ラジコン用無線局に対する周波数割り当てと自主規制
ラジコン用発振器の標準規格適合証明
標準規格適合証明試験
ラジコン用発振器の専用電波割り当てを契機に、電波法の規定に基づき標準規格適合証明試験を昭和60年2月18日から開始しました。試験の内容は、電界強度の測定及びラジコン用発振器自動測定装置による各種特性について測定しております。
ラジコン用発振器の安全性
標準規格適合証明試験に合格したラジコン用発振器には認定証明シールを貼付してあります。従って、認定証明シールが貼付してあるラジコン用発振器は電波法の規格を満足しており、安全で安心して使用することができます。近年、外国から低廉なラジコン発振器が輸入され市場に出回ってきていますがこれらの設備は、日本の電波法の規格に合致せず、また、特性も悪いものが見受けられます。
このようなラジコン発振器を使用すると、他のラジコン運用者への混信を与えるなど事故の原因にもつながる恐れがありますので認定証明シールが貼付してあるラジコン用発振器を使用してください。
ラジコン用発振器の標準規格
(目的)
第1条
この規程は、無線局の免許を要しない模型飛行機、模型ボートその他これに類するものの無線操縦発振器(以下「ラジコン用発振器」という。)の標準規格を定めることにより、ラジコン用発振器の信頼性の向上及び他の無線局に対する干渉妨害の未然防止に資することを目的として、協会認定の「ラジコン用発振器」の技術基準として国内普及を目指す。
(標準規格)
第2条
協会は、郵政省告示第708号第2項第2号(最終改正:1998年12月25日第606号)に定めるラジコン用発振器として、次の標準規格に適合するものを認定基準とする。
通信方式は、単向通信方式であること。
送信設備に使用する電波の周波数の許容偏差は、100万分の40以下であること。
発振の方式は、水晶発振方式、又は、水晶発振により制御する周波数シンセサイザー方式(PLL方式等)であること。
変調の方式は、振幅変調又は周波数変調であること。
周波数偏移は、変調のないときの搬送波の周波数より(±)2kHz以内であること。
変調された電波のスペクトラム分布の包絡線波形において、搬送波の周波数から10kHz離れた周波数における減衰量は50dB以上であること。
スプリアス発射の強度は、給電線に供給される周波数ごとのスプリアス発射の平均電力が、基本周波数の平均電力より40dB低い値を許容値とする。

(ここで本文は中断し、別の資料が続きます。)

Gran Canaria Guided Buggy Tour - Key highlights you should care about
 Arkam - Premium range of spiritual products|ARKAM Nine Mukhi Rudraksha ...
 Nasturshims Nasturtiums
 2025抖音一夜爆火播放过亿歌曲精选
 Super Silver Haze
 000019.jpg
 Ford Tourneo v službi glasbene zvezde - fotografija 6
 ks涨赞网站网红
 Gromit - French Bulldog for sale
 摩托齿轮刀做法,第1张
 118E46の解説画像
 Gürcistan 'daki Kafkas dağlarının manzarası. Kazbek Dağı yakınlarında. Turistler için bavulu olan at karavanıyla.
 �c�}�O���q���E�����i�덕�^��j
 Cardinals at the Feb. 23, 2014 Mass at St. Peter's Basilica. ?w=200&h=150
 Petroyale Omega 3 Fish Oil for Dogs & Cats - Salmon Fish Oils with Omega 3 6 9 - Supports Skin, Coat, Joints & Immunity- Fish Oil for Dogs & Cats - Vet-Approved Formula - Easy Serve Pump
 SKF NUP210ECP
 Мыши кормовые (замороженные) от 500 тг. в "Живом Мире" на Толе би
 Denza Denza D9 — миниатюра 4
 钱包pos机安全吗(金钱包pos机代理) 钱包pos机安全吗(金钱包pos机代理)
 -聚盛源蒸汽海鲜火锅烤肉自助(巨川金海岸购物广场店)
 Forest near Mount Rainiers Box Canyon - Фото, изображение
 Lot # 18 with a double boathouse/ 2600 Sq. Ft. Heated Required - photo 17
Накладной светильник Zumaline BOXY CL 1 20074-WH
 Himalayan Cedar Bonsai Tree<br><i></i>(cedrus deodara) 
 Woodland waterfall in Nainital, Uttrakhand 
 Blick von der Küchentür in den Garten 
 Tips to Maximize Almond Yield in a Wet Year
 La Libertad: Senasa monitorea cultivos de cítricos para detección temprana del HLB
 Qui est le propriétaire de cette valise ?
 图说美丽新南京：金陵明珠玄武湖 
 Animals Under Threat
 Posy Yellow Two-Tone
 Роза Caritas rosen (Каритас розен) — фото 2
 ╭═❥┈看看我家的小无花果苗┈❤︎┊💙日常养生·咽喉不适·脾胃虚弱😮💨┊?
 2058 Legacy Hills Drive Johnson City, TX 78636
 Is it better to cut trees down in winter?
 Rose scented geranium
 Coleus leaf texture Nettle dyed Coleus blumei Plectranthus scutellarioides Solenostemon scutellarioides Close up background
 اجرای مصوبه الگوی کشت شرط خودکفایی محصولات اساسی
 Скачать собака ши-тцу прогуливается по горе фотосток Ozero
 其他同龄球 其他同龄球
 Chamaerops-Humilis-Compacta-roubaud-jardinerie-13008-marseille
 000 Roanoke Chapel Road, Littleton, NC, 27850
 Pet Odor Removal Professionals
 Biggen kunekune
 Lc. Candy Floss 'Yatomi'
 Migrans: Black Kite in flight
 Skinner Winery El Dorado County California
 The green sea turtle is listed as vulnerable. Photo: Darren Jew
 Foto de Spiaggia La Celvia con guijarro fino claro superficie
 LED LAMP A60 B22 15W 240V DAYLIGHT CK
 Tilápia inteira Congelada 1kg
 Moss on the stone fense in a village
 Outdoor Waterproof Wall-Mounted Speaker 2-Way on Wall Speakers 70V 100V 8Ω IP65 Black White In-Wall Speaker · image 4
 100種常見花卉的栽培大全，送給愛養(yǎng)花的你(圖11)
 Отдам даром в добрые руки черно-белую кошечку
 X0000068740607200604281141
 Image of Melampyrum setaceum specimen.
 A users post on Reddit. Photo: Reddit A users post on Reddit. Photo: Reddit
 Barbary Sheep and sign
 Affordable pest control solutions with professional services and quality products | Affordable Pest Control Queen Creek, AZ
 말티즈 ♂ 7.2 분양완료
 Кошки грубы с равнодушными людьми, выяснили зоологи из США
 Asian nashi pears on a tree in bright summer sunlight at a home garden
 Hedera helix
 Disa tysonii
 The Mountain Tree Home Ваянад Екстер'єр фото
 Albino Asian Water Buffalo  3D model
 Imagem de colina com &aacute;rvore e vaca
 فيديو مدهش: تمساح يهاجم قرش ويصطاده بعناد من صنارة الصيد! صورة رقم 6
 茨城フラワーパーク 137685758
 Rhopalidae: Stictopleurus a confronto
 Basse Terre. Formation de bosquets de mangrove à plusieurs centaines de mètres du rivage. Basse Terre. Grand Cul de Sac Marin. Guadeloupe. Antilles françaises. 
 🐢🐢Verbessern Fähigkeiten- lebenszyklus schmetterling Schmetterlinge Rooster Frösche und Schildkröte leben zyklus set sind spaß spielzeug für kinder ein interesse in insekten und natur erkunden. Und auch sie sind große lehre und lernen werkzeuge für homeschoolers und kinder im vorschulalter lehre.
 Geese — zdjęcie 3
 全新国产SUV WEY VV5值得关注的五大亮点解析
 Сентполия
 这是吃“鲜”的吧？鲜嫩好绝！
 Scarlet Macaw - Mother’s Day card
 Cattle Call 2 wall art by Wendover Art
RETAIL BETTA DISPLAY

附則(2001年3月28日)この規程は、2001年4月1日から施行する。
附則(2003年3月26日)この規程は、2003年4月1日から施行する。
第2条 第3項(シンセサイザ方式)に係る確認事項
(1)電波発射中の周波数切替えができない機能を付加すること。
(2)電波発射前の周波数の確認・設定ができる機能を付加すること。
ラジコン発振器用の周波数の使用基準
ラジコン用発振器用に使用できる電波の型式及び周波数並びに用途については、総務省告示第708号により規定されているが、27MHz帯はISMやCB(市民ラジオ)との共用波であり、特に不法CBによる混信妨害を受ける恐れが大きいため安全性の確保に問題あること、また、地上用、水上用のラジコン発振器と上空用のラジコン発振器との混信妨害を未然に防止する必要があることなどを考慮し、ラジコン用周波数の使用基準を策定しているものです。
ラジコン操縦士登録
ラジコン操縦士登録は、当協会の設立に当たって電波管理の基本事業として設けられたものであります。
ラジコン操縦士登録により、ラジコン用電波の利用状況の把握、電波知識に関する周知啓蒙、貴重な電波の適正運用に対する責任と自覚を促し、ラジコンの社会的評価の向上と普及発展を目指して推進しているものです。